7.1 Effect size, based on Regression ß (Beta Estimate) value in our output:

  • Trivial: Less than 0.10 (ß < 0.10)
  • Small: 0.10–0.29 (0.10 < ß < 0.29)
  • Medium: 0.30–0.49 (0.30 < ß < 0.49)
  • Large: 0.50 or greater (ß > 0.50)

8 Write Up Results

To test our hypothesis that levels of anxiety significantly predicts levels of depression, and that the relationship would be positive, we used a simple linear regression to model the relationship between those variables. We confirmed that our data met the assumptions of a linear regression, checking the linearity of the relationship using a Residuals vs Fitted plot and checking for outliers using Cook’s distance plot. (Note: We are skipping the assumptions of normality and homogeneity of variance for this analysis.)

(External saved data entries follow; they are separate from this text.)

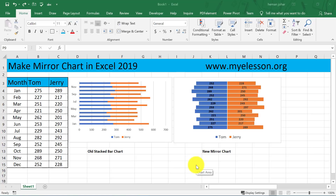Hello and welcome to my e-lesson. I am your Guru and in this video I am going to tell you about a new mirror chart.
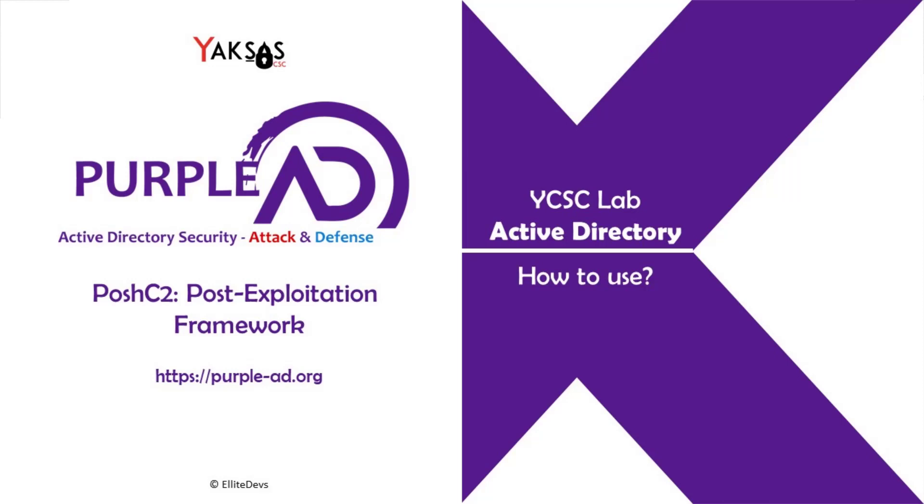In this video I'm going to give you a basic usage overview of Posh C2. This will involve tasks such as installation of Posh C2 on Kali Linux and we will also see how to create an implant and how to run modules and commands on the implant. So let's begin.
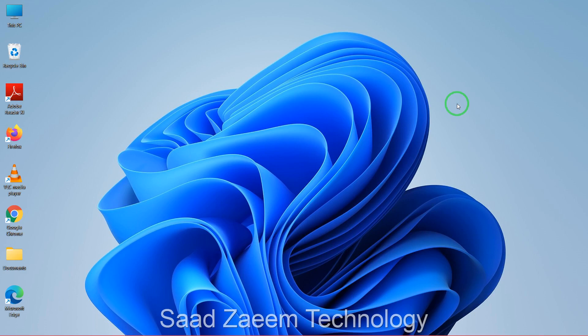Hello guys, this is Saad and welcome to my channel. In this video I'll be telling you how to fix your apps, games, or other programs not working in Windows 11.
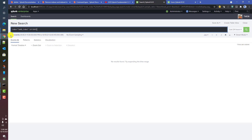Whenever you are in a clustered environment, the delete operation may take some time to replicate — that is, for the bucket to be marked as deleted across indexers. In the meantime, if you hit a particular indexer, it may still show you that deleted event, so you need to keep that in mind.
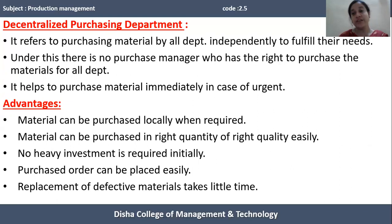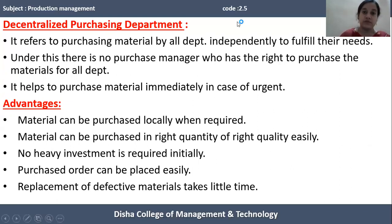Another type of purchasing system — the decentralized purchasing system — will be discussed in our next class. This is all about today's class. Thank you.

As predicted, we found that social exclusion significantly predicted loneliness, F(1, 715) = 1507, p < .001, Adj. R2 = 0.6777. Additionally, the relationship between levels of anxiety and levels of depression was positive, ß = 0.71, t(715) = 38.82, p < .001 (refer to Figure 1). According to Cohen (1988), this constitutes a medium effect size (ß ).

References

Cohen J. (1988). Statistical Power Analysis for the Behavioral Sciences. New York, NY: Routledge Academic.